The project called for the installation of biometric portals in front of Les Eucalyptus high school in Nice and the Ampère high school in Marseille. Students who agree to participate in the experiment will fill in consent forms and go through the biometric portal to enter the school.

But NGOs, teachers’ unions and parents are waging a campaign to stop the deployment of the biometric portals. Several organizations filed a suit in February before a court in Marseille to annul the region’s decision. The case is ongoing.

“We are convinced that the security of our children is not the main goal, but that there are commercial and political interests,” said Laetitia Siccardi, who represents the federation of councils of students’ parents.

The experimentation was supposed to begin in September, but hasn’t started yet.

“The project is on standby while we wait for the CNIL [privacy authority],” said Philippe Albert, the principal of Nice’s Les Eucalyptus high school.

According to the region’s decision, the facial recognition test — part of a €45 million package to make high schools safer — aims to streamline student identification, fight identity theft and detect intruders. The technology is provided free of charge by U.S. tech company Cisco, which signed a memorandum of understanding with the region.

Gaëtan Feige, who is in charge of innovation at Cisco France, said the planned system was protective of students’ biometric data.

“The biometric profiles of each student who will have given their consent will be kept temporarily on a database inside the high school,” he said. The students’ personal data, which won’t be transferred to the cloud and will be individually encrypted, will be erased when they decide to stop participating in the test.

The CNIL will give an opinion about the experiment around mid-October, said Thomas Dautieu, the data protection authority’s director for compliance. “What’s at stake is to determine whether using facial recognition in high schools is justified.”

If the experiment gets the green light, it will be a first in France.

In August, the Swedish data protection authority fined a high school under the GDPR because it was using facial recognition, arguing the students’ consent could not be freely given because the school administration has a moral authority over them.

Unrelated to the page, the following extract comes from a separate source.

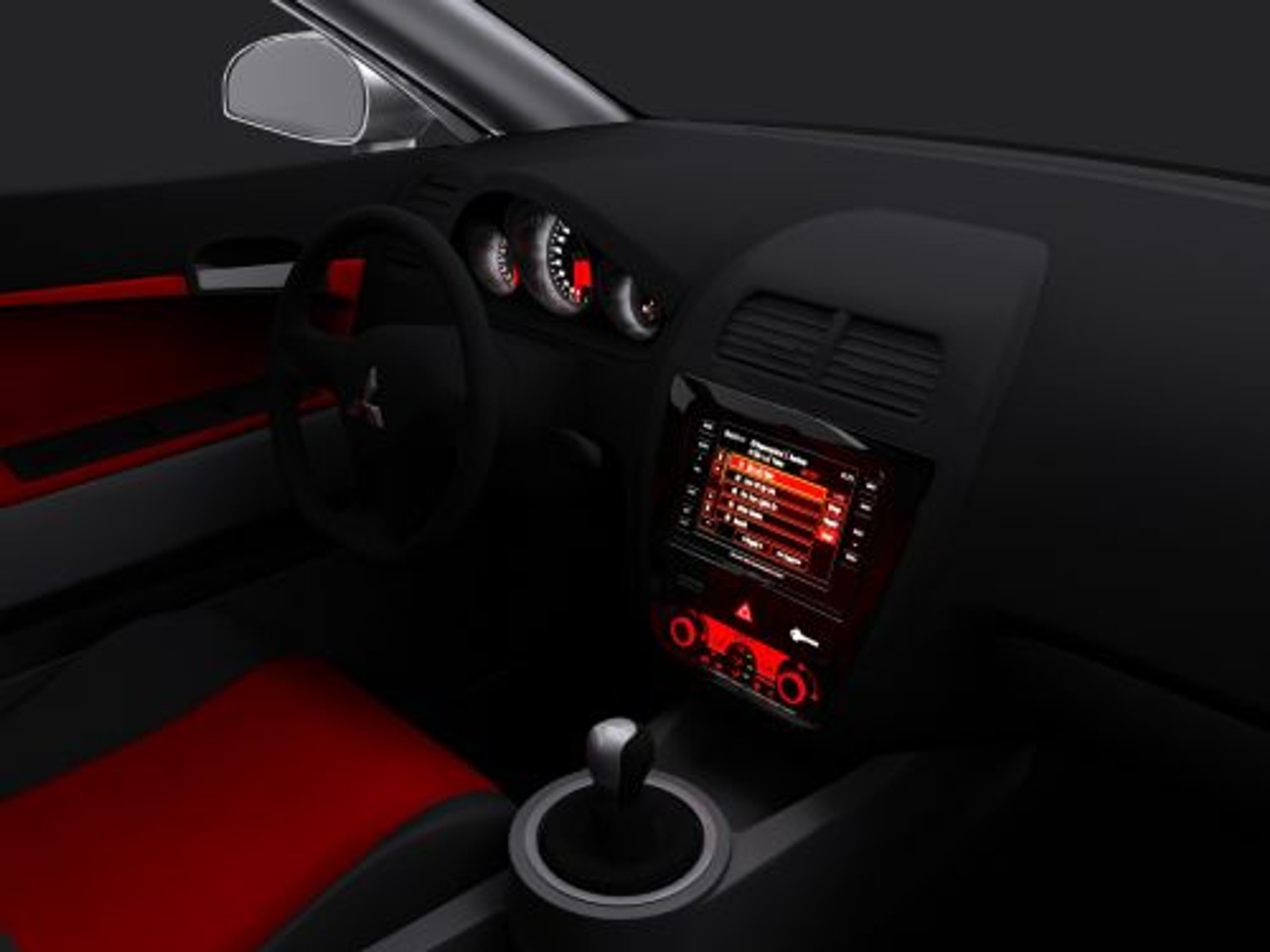 Mitsubishi CS Design Concept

‘Outdated’ legal framework

In Brussels, the European Commission suggested over the summer a future EU-wide legal instrument on goods and services powered by artificial intelligence, including facial recognition.

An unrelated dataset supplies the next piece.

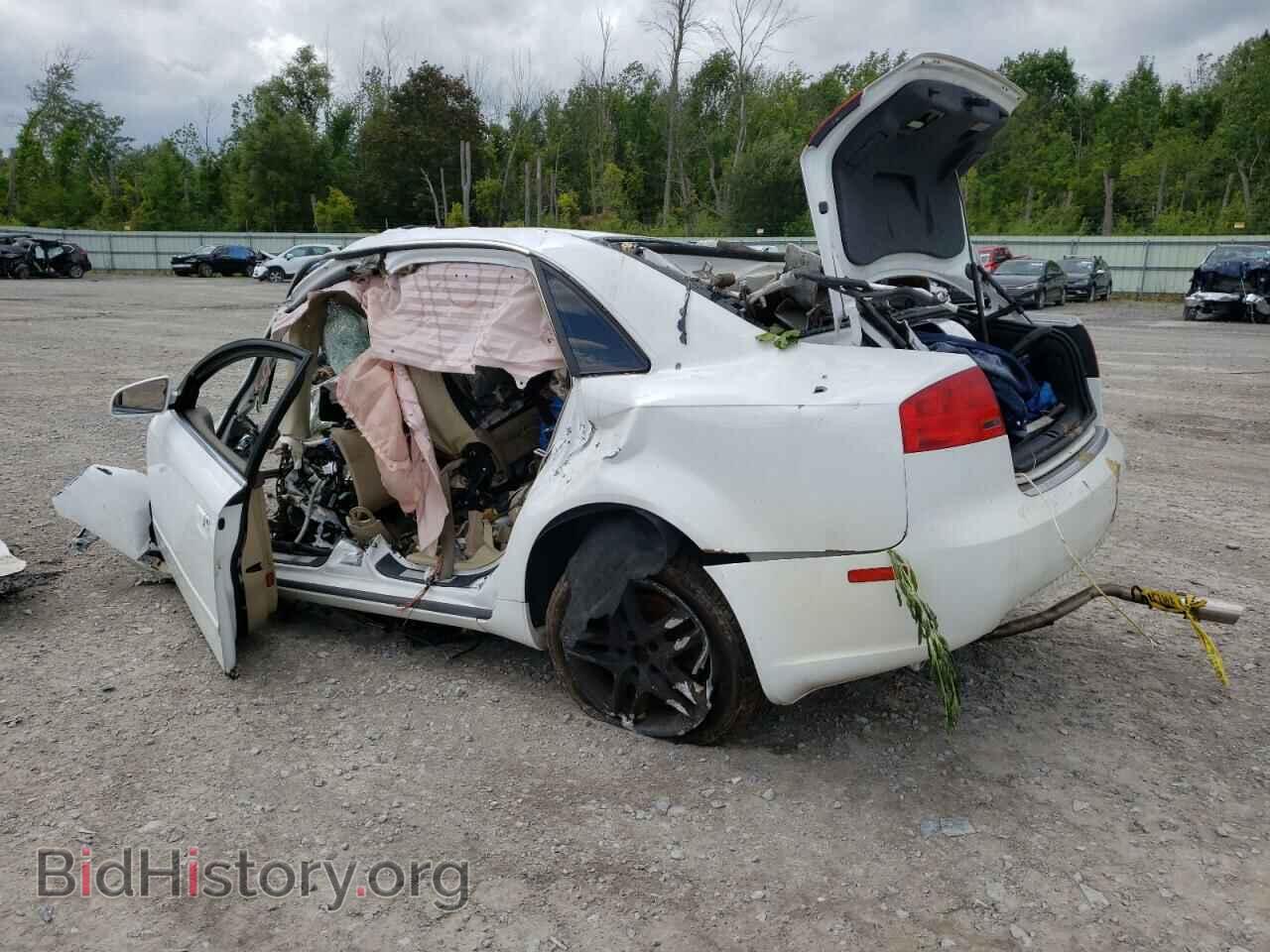 2007 AUDI A4 - VIN: WAUDF78E77A058407 - Фото 2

But on the national level, La Quadrature du Net’s Drago decries a lack of public debate about facial recognition.

“In France, there is no debate on those technologies and the impact they can have on our rights and freedoms,” he said. “The GDPR is too vast, too vague, and is not enough,” he added. 

While the GDPR applies for the use of facial recognition in high schools, deploying such technology in the context of criminal offenses, for example to track down people sought by the police, requires a decree from the Council of State built on an opinion from the CNIL.

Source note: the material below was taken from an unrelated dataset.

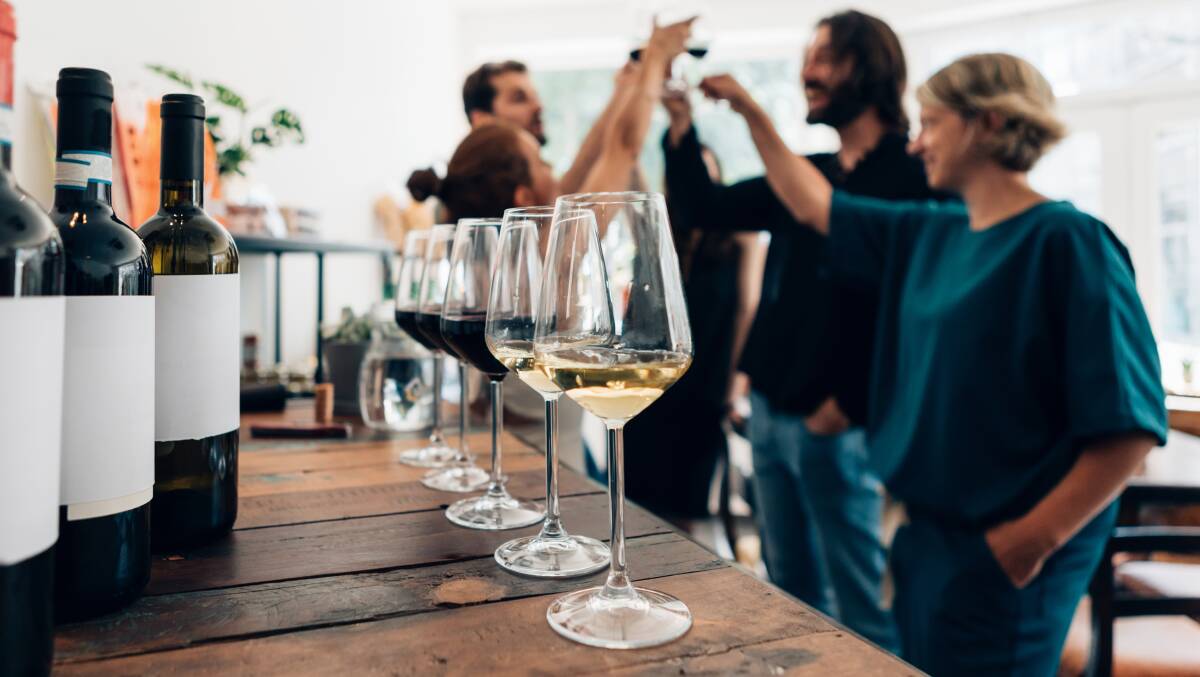 There's a standard progression for tasting any wine, anywhere. Picture Shutterstock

“The legal framework for facial recognition in public spaces is a bit outdated,” conceded Dautieu from the CNIL. “[Facial recognition] is a growth market and companies are providing their services, but it is high time the legislators dealt with the issue,” he said.

Unlike in California, there is so far little appetite in the French parliament for a ban on facial recognition tools. Instead, MPs have called for a legislative framework on experimentation with such technology.

For the CNRS’s Mucchielli, a legal framework is “fundamental.”

“The development of technologies of control benefits from the weight of a technology myth in the Western psyche: That technology necessarily means progress, and is necessarily more effective than humans,” he said.